Multi-modal fusion is the integration of information from multiple modalities with the goal of predicting an outcome measure (e.g. classification, or regression).
Multi-modal fusion is motivated by 3 main reasons:
- Access to multiple modalities help make predictions more robust (e.g. in AVSR)
- Multiple modalities may capture complementary information
- Multi-modal systems can still operate when some modalities are missing
Multi-modal fusion approaches can be classified as (Baltruv saitis, Ahuja, and Morency 2017):
- early fusion
- hybrid fusion
- late fusion
- graphical models
- neural networks
Early fusion approaches integrate features immediately after they are extracted (for example, via concatenation). Late fusion performs integration after each of the modalities make a decision, for example via averaging. Hybrid fusion combines outputs form early fusion, and individual unimodal predictors.
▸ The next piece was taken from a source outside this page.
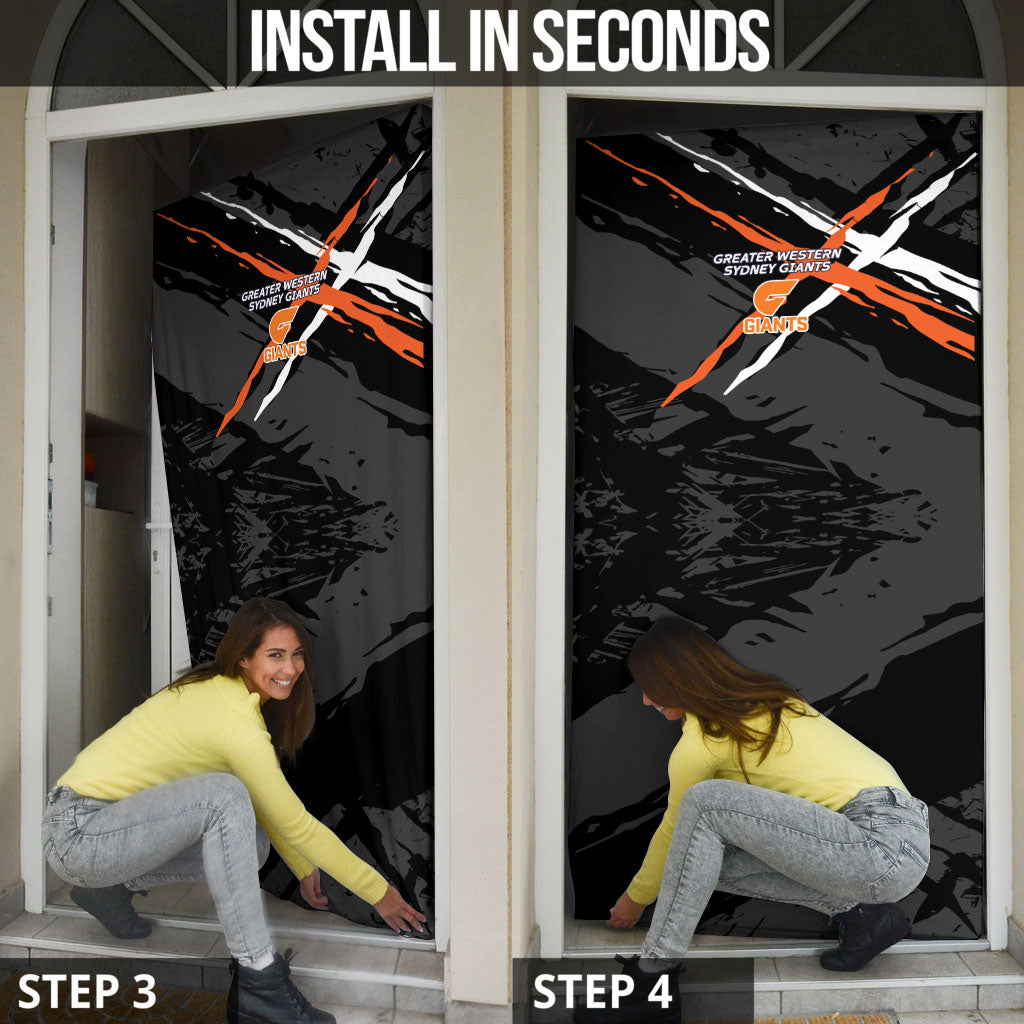 Greater Western Sydney Giants Door Cover Orange Muscular Mascot Graphic - Abstract Paint Splatter Art
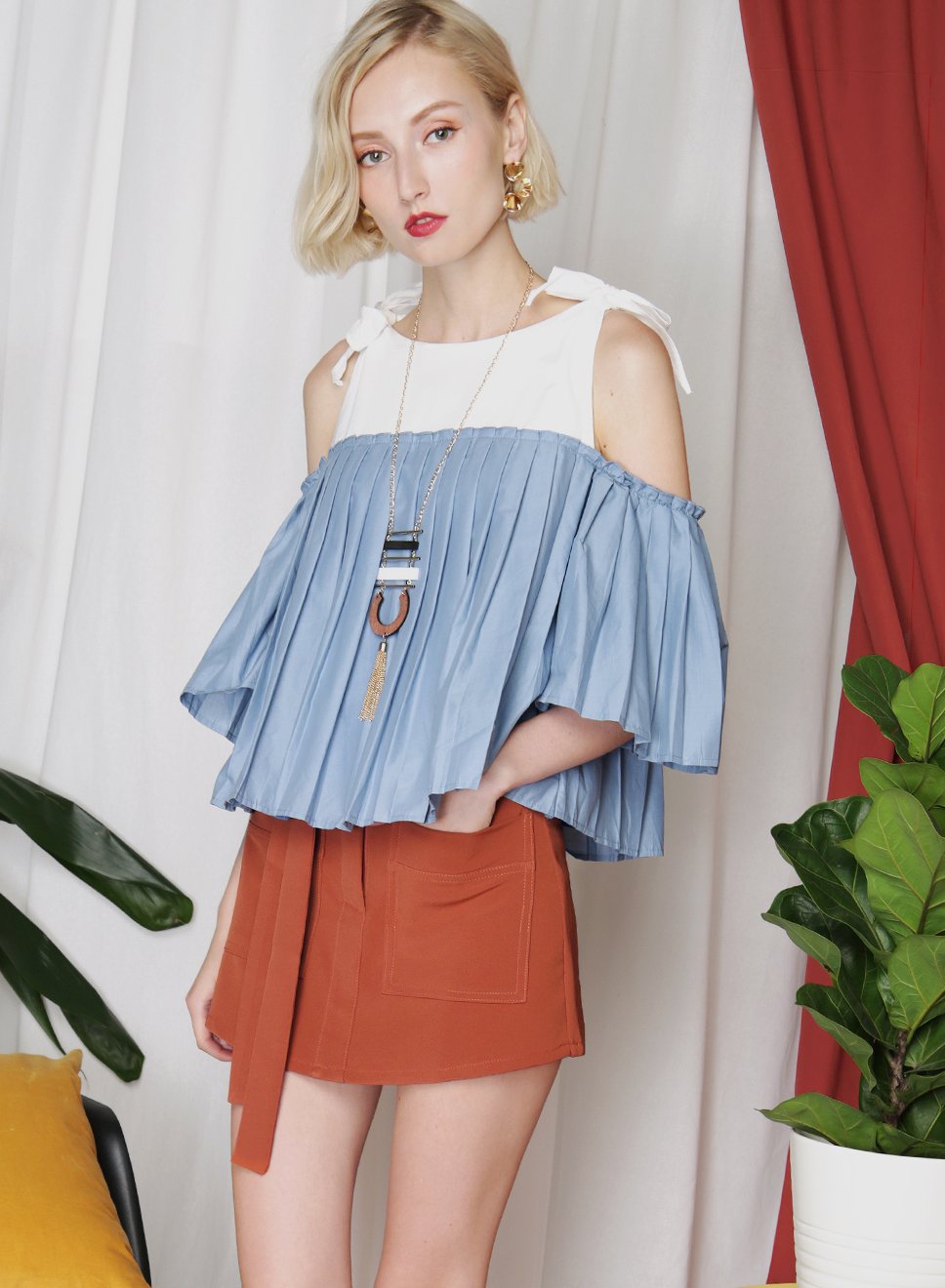 FRONTIER Pleated Contrast Top (Blue) - And Well Dressed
Model-agnostic approaches are easy to implement using uni-modal machine learning methods.
These approaches are tailored towards handling multi-modal data.
Multiple Learning Kernel (MKL) methods extend kernel Support Vector Machines to use different kernels for different modalities. Modality-specific kernels allow for better fusion of heterogeneous data. One advantage of MKL is that the loss function is convex, which leads to easy optimization and globally optimum solutions. However, MKL approaches rely on support vectors (training data) at test time, which means inference can be slow.
Generative graphical models such as factorial hidden markov networks, or multi-stream hidden markov metods have been used. Discriminative models such as Conditional Random Fields sacrifice the modeling of joint probability for predictive power.
Lastly, neural networks fuse temporal multimodal information through RNNs and LSTMs. These approaches have also been adapted for various image captioning tasks. Neural networks have the capacity to learn from large amounts of data, and are able to learn complex decision boundaries. However, they lack interpretability, and require large amounts of training data.